January 27th, 1945. The U.S. soldiers had made their way to a German controlled city in Poland that horror stories had been coming from. Where the unimaginable was happening to human beings.

Auschwitz had a camp. Not just any camp, an extermination camp. A camp to kill other human beings on a mass scale.

I obviously wasn’t around for this incident and I cannot even imagine the horrors seen by the troops who walked into the Auschwitz camp and liberated the remaining prisoners.

I’ve heard stories of prisoners who were so malnourished that they actually were killed by eating something.

Most of us know of some of the horrible things that took place in Nazi controlled Germany. So I will not dwell on the atrocities.

I know that there are some brave men, women, and children that survived that camp. Some that returned there on January 27th, 2015, the 70th anniversary of their liberation from the camp, to look for some type of closure.

The extermination of the Jews in Nazi Germany is something that we must never let happen again. Something that we must teach each generation about.

This is the reason that I visited the work camp in Dachau, Germany.

The camp here wasn’t nearly as deadly as the camp in Auschwitz, but many Jews and enemies of Hitler lost their lives and were imprisoned in Dachau.

I went on a cold November day. The sky was an overcast gray, the air was bitter cold, and the wind kept you frigid. It was the perfect day for me to be there.

The weather was uncomfortable. It helped put more things in perspective.

As I walked through the heavy iron gates that had the words “Arbeit Macht Frei,” (Work makes you free) formed from iron rods, embedded in it, I was uncomfortable.


The scene was eerie. With every step I took, I was putting myself into the shoes of a prisoner. Trying to imagine what it would’ve been like.

Trying to imagine surviving and fighting to stay alive and well. Dealing with the weather without the proper clothing would’ve been one of the least of the worries of a prisoner, and that was a big worry of mine that day.

My friends and I took a self tour through the main building that was used for work (slave labor) and other clerical deeds. There were kiosks that told different stories of the groups of people who were in the camps. Prisoners of war, Hitler’s political rivals, Jews, blacks, and Germans who did not support the Nazis.


We walked from the long building across a courtyard to the barracks. The prisoners would’ve had to sleep on bunk beds that were crammed so tightly together that I don’t think I could fit in them.



The toilets were in an open room and just went through a hole in the floor. I was having a hard time really imagining the squalor that the prisoners must’ve lived with.


As we walked out of the single barrack building that was left, we walked down a long lonely path. One that used to be situated between many barrack buildings that were no longer there.


Then we got to the most grim part of the tour that I was dreading the most.

We came upon a building that was unassuming from the outside. A red brick building nestled against a backdrop of pine trees. A building that, had I not known better, would’ve looked inviting on a cold winter day.

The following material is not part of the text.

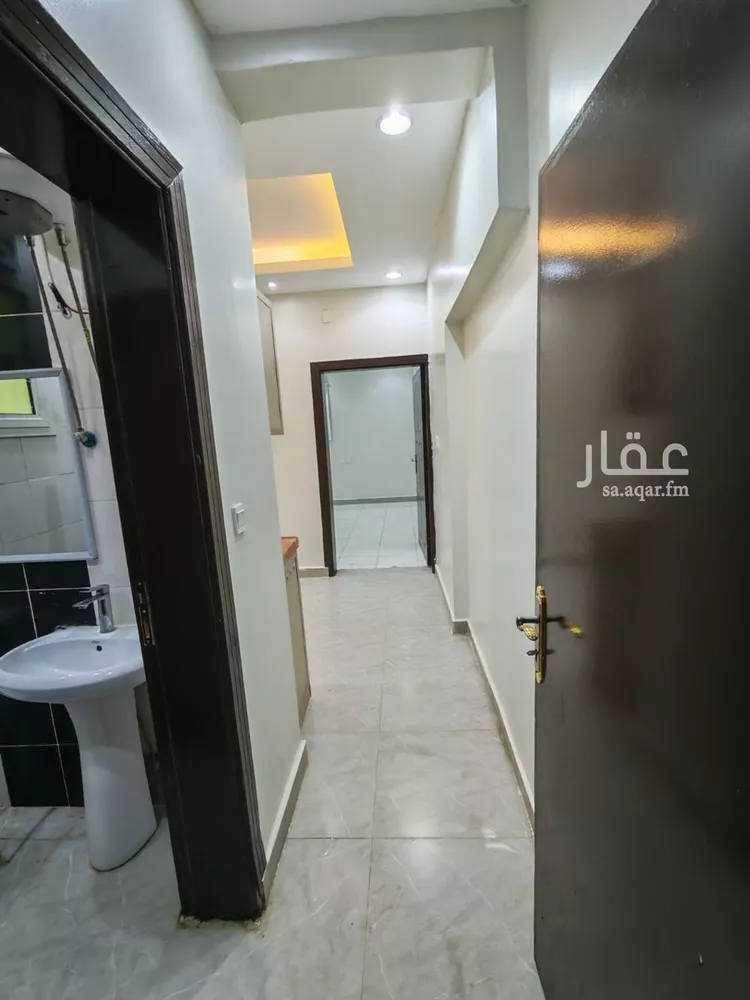 شقة للإيجار في شارع القياس, حي المونسية, مدينة الرياض, منطقة الرياض صورة 5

Upon entering the building, there was a door to the right. I walked into the room and just felt at a loss. There was a picture that showed this exact room when the Allies liberated the camp. The picture showed bodies stacked almost to the ceiling. It was sickening.



This room was a failed attempt at a gas chamber, but later became a storage room for the underperforming crematories.

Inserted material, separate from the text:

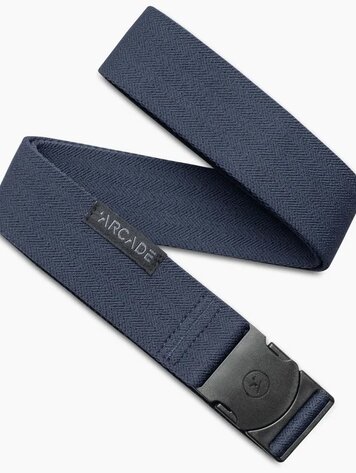 Arcade ARCADE | RANGER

As I exited and walked into another room, I was greeted by giant furnaces. Furnaces that seemed to still have ashes in them. Furnaces that I have no problem with conjuring the image of. Furnaces that will forever be with me. Furnaces that had the sole purpose of disposing of the prisoners who perished in the camp.






Dachau wasn’t as brutal or cruel as Auschwitz and that is scary. Dachau would’ve been a nightmare beyond imagination for anyone with the unfortunate sentence to lie imprisoned there. It’s a nightmare for those who didn’t experience the atrocities when they happened, but who visit there 70 years later.

I wanted that visit to remind me that when there is evil happening, those who stand idly by and do nothing are part of that evil.

I hope I never have to fight against something like this in my lifetime.

If you are traveling or living in Germany, Poland, or Austria, please, go to one of the camps and see it first-hand so that you will have a better idea of what happened and will hopefully want to be more vigilant towards making sure that nothing like this ever happens again.